> [What to work on]: Where the data below shows a picture, leave that picture out and copy the rest exactly.

**** Raw data

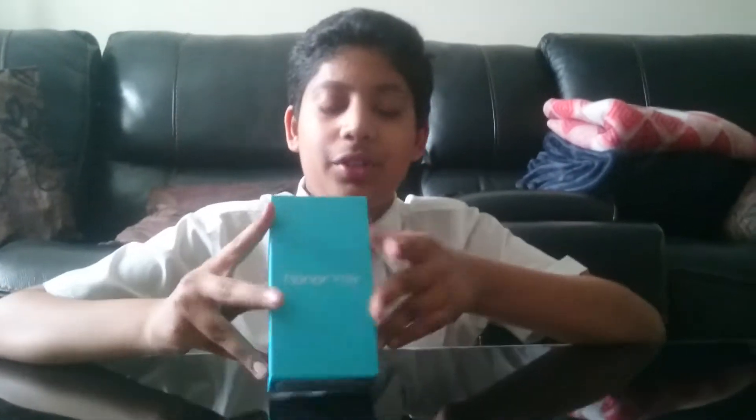Hey guys, Armadouma here and welcome back to another video. I'm sorry I left, but Talk About Tech is coming back. I've got video editing software finally, and right now we're going to be unboxing my new phone.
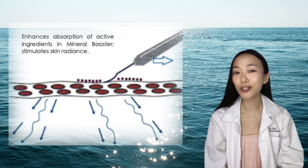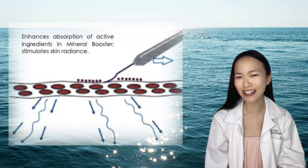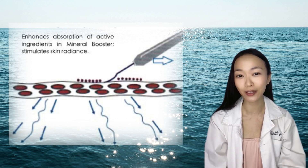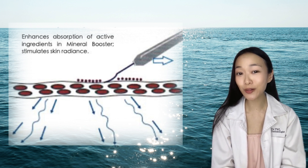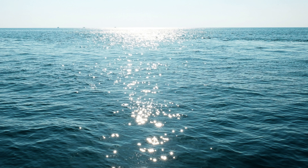The inverted probe contacts the skin at an angle of 45 degrees. Slowly glide the blade probe along the facial skin to enhance skin absorption and to stimulate skin radiance. After use, turn off the sonic cleanser and clean the device with a clean cloth.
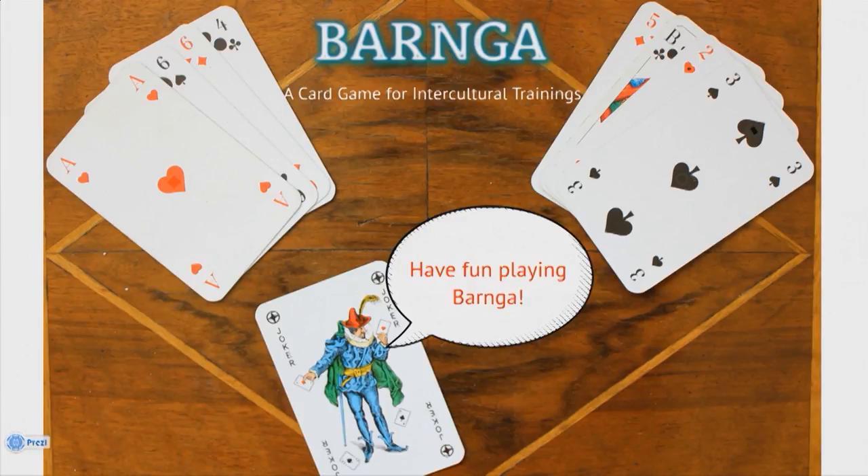We hope you are motivated to use this simulation in your future trainings. As you know as a trainer, simulations need to be experienced and realized to really know what they are about. We hope you have a lot of fun playing Barnga.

********

> [Your response]:
Hey guys, Armadouma here and welcome back to another video. I'm sorry I left, but Talk About Tech is coming back. I've got video editing software finally, and right now we're going to be unboxing my new phone.
The inverted probe contacts the skin at an angle of 45 degrees. Slowly glide the blade probe along the facial skin to enhance skin absorption and to stimulate skin radiance. After use, turn off the sonic cleanser and clean the device with a clean cloth.
We hope you are motivated to use this simulation in your future trainings. As you know as a trainer, simulations need to be experienced and realized to really know what they are about. We hope you have a lot of fun playing Barnga.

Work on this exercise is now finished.